Pamir Kyrgyz Nomads On 'The Roof Of The World'
Pamir Kyrgyz children at their nomadic camp in Afghanistan’s Pamir Mountains. The boy’s back is pinned with talismans in the belief they will protect his health in a land with rare access to medical care.
A feast with clan elders inside a yurt at the Qurbon Ait settlement in the Pamirs.
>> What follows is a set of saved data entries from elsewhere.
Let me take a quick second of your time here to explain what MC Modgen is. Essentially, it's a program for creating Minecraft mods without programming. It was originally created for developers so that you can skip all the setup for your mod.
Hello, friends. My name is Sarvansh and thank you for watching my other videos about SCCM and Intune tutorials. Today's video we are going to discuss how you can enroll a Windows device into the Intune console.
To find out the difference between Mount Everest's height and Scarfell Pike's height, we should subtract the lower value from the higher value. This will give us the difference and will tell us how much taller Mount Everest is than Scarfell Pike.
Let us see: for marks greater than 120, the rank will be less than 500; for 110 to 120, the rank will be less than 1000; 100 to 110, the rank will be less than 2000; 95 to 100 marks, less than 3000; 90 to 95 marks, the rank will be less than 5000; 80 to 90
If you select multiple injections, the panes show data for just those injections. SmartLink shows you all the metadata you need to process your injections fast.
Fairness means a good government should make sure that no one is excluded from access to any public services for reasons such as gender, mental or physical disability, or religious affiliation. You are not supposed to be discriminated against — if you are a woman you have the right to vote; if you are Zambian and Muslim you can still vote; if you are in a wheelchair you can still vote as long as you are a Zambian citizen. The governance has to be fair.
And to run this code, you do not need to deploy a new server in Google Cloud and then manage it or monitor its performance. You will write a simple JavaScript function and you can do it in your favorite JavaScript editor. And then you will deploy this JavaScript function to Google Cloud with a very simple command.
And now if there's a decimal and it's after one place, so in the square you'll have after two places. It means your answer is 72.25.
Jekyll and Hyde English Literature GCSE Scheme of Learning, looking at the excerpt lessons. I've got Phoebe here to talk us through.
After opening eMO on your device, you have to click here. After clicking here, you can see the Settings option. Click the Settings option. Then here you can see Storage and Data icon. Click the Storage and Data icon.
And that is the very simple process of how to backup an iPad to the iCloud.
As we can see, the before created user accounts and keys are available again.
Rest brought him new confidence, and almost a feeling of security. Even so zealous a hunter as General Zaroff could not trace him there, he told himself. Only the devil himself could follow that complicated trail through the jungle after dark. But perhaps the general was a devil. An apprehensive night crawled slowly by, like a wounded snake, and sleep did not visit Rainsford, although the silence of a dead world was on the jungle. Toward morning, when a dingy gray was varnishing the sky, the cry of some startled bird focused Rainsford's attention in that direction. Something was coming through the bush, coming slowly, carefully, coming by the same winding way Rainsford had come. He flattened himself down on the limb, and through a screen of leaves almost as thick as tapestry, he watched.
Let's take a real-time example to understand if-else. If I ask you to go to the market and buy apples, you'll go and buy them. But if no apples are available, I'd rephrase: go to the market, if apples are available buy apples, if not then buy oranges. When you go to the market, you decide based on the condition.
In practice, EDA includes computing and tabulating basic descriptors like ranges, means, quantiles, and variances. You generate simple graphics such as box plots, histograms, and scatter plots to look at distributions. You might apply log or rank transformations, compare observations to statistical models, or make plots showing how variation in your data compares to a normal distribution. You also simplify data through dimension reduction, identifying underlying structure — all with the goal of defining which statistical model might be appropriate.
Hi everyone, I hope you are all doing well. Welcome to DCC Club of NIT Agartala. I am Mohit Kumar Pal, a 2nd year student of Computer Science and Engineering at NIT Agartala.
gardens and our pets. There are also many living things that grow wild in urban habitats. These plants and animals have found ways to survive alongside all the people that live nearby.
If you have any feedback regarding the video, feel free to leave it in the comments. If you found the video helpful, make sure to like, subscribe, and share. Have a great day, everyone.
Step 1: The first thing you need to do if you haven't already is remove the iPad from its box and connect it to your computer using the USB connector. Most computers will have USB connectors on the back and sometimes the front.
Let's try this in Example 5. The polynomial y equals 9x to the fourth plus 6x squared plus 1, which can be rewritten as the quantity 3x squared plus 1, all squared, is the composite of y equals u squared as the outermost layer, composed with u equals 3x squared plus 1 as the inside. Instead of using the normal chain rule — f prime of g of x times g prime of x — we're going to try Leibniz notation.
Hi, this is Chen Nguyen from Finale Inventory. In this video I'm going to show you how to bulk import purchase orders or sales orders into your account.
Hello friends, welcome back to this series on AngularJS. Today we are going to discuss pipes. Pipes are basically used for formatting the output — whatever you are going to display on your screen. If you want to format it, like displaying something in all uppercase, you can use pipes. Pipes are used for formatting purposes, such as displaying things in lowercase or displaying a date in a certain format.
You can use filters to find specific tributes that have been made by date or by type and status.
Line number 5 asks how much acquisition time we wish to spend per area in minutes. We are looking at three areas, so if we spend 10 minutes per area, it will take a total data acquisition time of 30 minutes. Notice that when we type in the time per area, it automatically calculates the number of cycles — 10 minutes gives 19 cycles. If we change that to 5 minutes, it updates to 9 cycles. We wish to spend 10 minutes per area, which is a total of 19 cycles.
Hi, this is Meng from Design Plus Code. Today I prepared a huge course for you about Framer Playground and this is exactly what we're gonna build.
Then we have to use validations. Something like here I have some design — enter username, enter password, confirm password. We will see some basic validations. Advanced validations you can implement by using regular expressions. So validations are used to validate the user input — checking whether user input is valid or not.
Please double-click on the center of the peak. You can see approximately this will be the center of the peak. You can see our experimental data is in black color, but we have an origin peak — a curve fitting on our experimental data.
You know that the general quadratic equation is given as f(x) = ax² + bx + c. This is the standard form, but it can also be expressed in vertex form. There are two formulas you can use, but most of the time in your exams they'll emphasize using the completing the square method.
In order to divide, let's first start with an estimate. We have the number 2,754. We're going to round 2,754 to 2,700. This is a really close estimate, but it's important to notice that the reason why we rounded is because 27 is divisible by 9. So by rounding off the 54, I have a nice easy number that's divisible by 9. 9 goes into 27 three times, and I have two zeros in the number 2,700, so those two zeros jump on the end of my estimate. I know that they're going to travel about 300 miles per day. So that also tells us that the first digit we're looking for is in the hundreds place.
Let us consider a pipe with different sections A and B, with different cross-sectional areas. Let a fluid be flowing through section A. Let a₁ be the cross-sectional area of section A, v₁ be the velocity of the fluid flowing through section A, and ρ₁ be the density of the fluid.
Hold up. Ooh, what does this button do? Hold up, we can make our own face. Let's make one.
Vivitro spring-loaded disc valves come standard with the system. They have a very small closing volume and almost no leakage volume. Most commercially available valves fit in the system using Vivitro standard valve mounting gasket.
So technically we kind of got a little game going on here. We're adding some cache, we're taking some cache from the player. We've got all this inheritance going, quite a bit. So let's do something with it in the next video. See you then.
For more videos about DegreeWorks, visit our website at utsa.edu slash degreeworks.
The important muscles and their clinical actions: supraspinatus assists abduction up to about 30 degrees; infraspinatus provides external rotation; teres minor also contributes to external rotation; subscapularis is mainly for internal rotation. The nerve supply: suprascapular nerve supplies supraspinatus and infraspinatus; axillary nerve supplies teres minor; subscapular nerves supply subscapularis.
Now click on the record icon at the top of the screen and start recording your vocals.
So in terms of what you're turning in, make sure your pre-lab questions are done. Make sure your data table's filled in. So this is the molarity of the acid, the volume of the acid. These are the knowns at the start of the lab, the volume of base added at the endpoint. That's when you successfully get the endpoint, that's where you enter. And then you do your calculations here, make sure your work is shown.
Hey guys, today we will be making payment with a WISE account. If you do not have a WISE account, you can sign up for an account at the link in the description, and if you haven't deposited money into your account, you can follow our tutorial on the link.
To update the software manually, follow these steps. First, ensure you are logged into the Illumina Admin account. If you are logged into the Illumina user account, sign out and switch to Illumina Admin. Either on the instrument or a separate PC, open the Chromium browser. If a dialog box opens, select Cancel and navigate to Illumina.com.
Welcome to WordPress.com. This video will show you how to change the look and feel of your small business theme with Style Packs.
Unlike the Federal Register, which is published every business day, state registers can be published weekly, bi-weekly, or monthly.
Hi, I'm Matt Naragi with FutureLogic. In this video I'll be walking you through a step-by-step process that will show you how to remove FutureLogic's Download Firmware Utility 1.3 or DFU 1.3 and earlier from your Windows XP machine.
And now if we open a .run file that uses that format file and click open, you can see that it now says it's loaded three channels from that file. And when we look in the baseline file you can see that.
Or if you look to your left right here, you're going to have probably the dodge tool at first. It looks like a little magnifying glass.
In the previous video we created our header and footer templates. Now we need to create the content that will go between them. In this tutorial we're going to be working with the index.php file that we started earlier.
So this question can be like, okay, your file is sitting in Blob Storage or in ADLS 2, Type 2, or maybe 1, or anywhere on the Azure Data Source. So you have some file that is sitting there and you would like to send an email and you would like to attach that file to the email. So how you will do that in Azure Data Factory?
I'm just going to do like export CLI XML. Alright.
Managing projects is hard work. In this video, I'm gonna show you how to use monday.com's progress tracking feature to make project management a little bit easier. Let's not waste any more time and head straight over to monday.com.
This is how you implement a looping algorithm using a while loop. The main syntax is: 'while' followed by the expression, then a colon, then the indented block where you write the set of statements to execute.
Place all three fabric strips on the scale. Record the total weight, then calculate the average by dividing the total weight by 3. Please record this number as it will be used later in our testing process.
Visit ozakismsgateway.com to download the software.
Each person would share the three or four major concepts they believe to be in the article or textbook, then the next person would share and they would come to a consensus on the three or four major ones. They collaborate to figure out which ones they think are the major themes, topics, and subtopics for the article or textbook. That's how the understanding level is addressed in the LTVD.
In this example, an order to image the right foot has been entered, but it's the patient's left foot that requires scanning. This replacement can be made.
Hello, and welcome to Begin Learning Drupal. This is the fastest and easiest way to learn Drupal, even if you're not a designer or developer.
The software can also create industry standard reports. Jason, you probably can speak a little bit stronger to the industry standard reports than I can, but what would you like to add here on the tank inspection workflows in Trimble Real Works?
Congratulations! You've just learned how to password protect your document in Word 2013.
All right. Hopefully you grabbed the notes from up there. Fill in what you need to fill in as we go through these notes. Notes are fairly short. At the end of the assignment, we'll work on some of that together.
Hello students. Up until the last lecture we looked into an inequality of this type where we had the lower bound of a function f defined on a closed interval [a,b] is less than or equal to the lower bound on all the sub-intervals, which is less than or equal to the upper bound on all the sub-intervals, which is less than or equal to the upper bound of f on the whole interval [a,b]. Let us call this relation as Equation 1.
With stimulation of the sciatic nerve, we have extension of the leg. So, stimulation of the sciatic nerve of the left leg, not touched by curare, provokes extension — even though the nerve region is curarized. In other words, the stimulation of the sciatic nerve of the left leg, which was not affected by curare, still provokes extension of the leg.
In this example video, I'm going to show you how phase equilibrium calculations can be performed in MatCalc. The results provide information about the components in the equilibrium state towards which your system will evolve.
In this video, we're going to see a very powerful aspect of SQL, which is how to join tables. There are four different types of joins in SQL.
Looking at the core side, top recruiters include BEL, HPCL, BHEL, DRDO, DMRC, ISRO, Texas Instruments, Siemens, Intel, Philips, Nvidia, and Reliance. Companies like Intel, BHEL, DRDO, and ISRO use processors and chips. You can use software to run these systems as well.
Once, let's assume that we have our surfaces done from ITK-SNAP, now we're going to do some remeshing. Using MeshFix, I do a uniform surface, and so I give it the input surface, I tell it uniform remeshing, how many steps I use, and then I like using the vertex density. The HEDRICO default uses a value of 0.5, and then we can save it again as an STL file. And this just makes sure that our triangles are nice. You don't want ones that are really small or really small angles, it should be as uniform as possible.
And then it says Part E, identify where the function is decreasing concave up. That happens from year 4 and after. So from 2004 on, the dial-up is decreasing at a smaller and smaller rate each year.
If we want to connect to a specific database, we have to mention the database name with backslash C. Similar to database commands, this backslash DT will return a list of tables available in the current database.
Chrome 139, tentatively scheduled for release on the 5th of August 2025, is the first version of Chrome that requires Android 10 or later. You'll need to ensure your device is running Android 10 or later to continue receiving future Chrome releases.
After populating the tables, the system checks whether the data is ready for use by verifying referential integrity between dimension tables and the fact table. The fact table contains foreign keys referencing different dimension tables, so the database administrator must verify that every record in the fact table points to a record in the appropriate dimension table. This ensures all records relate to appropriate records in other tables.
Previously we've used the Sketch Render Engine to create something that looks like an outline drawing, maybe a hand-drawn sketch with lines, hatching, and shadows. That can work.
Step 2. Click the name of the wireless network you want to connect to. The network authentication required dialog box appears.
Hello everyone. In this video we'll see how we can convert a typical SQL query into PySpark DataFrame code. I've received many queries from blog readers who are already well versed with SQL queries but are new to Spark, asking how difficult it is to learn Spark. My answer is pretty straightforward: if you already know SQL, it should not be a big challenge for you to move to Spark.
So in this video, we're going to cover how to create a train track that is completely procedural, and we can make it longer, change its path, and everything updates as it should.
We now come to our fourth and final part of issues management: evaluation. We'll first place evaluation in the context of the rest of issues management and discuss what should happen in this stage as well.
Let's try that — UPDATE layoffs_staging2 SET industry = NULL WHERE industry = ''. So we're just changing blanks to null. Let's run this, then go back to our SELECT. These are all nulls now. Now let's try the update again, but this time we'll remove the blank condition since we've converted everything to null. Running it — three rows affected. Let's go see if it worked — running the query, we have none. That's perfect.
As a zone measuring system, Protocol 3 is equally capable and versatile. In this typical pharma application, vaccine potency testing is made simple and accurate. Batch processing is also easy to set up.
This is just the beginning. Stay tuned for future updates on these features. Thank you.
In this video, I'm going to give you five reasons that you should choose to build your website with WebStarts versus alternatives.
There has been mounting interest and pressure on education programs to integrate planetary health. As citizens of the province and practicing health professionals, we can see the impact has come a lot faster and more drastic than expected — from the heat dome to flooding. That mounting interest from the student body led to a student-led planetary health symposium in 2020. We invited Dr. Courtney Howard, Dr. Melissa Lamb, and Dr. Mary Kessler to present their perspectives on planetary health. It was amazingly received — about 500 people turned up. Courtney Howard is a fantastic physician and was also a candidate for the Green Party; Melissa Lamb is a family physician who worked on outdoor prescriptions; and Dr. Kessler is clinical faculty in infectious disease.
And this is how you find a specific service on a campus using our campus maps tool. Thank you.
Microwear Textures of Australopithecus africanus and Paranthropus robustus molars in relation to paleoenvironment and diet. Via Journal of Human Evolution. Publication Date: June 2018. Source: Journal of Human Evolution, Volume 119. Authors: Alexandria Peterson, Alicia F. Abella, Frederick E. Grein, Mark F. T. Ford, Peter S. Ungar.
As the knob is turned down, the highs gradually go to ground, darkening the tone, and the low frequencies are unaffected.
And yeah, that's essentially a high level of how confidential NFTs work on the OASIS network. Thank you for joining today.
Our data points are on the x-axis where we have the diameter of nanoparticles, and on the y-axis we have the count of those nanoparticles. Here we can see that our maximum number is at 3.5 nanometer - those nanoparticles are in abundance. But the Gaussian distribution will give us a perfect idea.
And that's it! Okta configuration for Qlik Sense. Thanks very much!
Small pieces of liver are dipped with meat from fat-tail sheep into salt water after a round of tea with milk and broth.
A caravan of Bactrian camels travels on a Pamir mountain path to a small market in Goz Khun in the lowlands below.
Irrigated fields of hay are cut by hand at the end of the summer, providing fodder for livestock through the winter when ice covers the vegetation.
A typical daytime meal for the Pamir Kyrgyz: bread, tea with milk, and rock salt -- and sometimes fresh cheese. Evening meals include meat and rice. Malnutrition among the Pamir Kyrgyz stems from a lack of the vitamins that come from fruits and vegetables, which are rare.
Samaat Khan remains in the Pamirs taking care of the livestock of a family that has resettled in Kyrgyzstan. Poor and indebted, his neighbors joke about his wishes to move wherever faraway cousins will receive him.
Traditional yurts of Pamir Kyrgyz nomads who live a pastoral existence in the mountains of northeastern Afghanistan
Mud-brick houses at a winter settlement provide some respite from the strong wind, while the stone walls of a corral protect livestock from predators during the night.